It dawned on me this weekend that the NSA is exhibiting classic hoarder behavior. TV shows such as "Hoarders" and "Hoarding: Buried Alive" visit the homes and apartments of compulsive hoarders, which are inevitably stacked to the ceiling with everything you can imagine--magazines, books, cats and dogs, fingernail clippings, used pizza boxes, etc. The rationalization often given by compulsive hoarders is that they're keeping these things in case they need them someday.
That's exactly the same rationalization that the NSA has used for many of its data collection programs. The agency is running hundreds of programs under nondescript codenames, vacuuming up telephone call metadata, emails, texts, tweets, browser histories, etc., in the hope that they may be useful for stopping a terrorist plot.
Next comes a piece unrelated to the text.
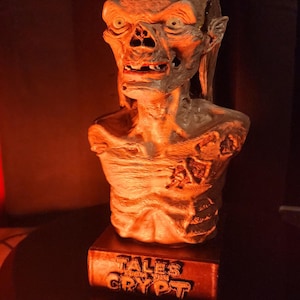 May include: A sculpted bust of the Crypt Keeper character featuring a weathered, skeletal appearance with sunken eyes and exposed teeth. The figure is mounted on a rectangular base with the embossed text TALES FROM THE CRYPT in a dark finish.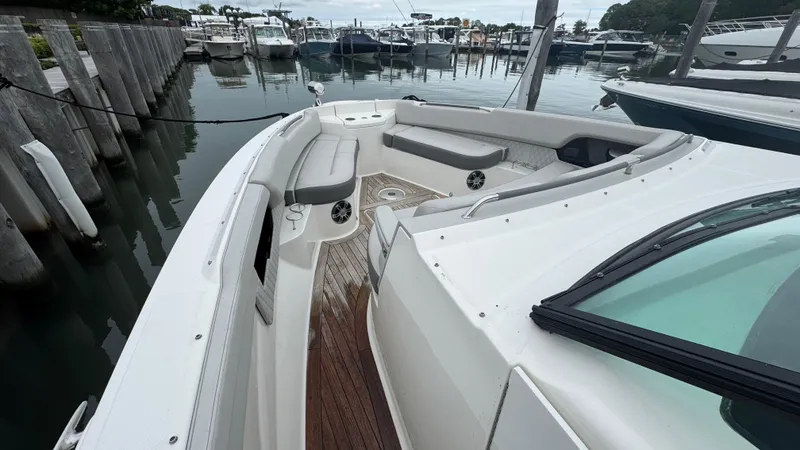 Slide: The Image of 2020 Sea Ray SLX 400 boat docked, featuring spacious seating and sleek design. - 22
There are so many programs, operating under so many different sets of rules, that analysts at the NSA can't keep track of them all. Having run out of space to keep all the data in its existing data centers, the NSA is spending billions of dollars to build new data centers in Utah and Maryland. That's like a hoarder renting storage units when they have no more room in their house.
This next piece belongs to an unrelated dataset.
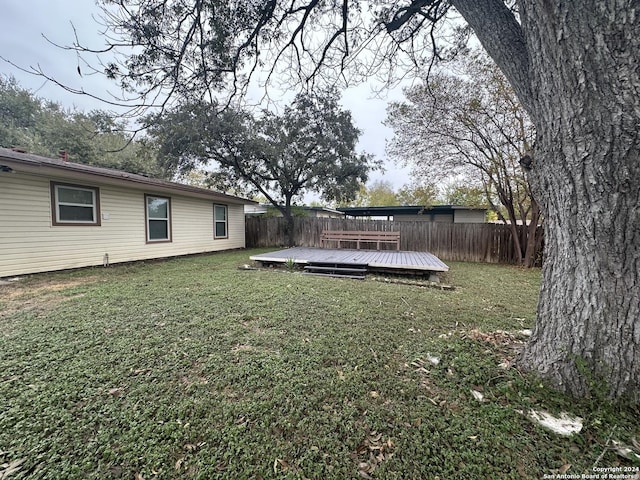 view of yard featuring a wooden deck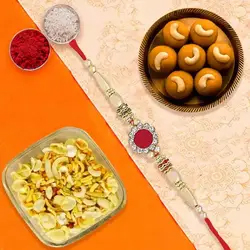 Rakhi With Mix Namkeen And Besan ladoo to Rakhi-to-uk.asp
Last week, Judge Richard Leon ruled that the NSA's program of storing all the phone call metadata for every person in the country for five years is likely to be a violation of the Fourth Amendment. In his ruling, Judge Leon wrote that neither the NSA nor the Justice Department had presented any evidence that the NSA's massive, multi-year phone metadata collection program had contributed to thwarting or solving a single case of terrorism.
The NSA has explicitly argued that it needs to keep billions of phone records (and, by extension, everything else) for years because it wants to be able to go back through them if necessary. Judge Leon wrote that, to date, the NSA hasn't found anything useful in the phone records, and there's no justification for the agency's massive violations of the Fourth Amendment. That sounds an awful lot like compulsive hoarding behavior.
Would the NSA have been a lot more selective in its data collection if General Alexander wasn't running it? I suspect so...and given what he's done at the NSA, I wouldn't want to visit the General's house.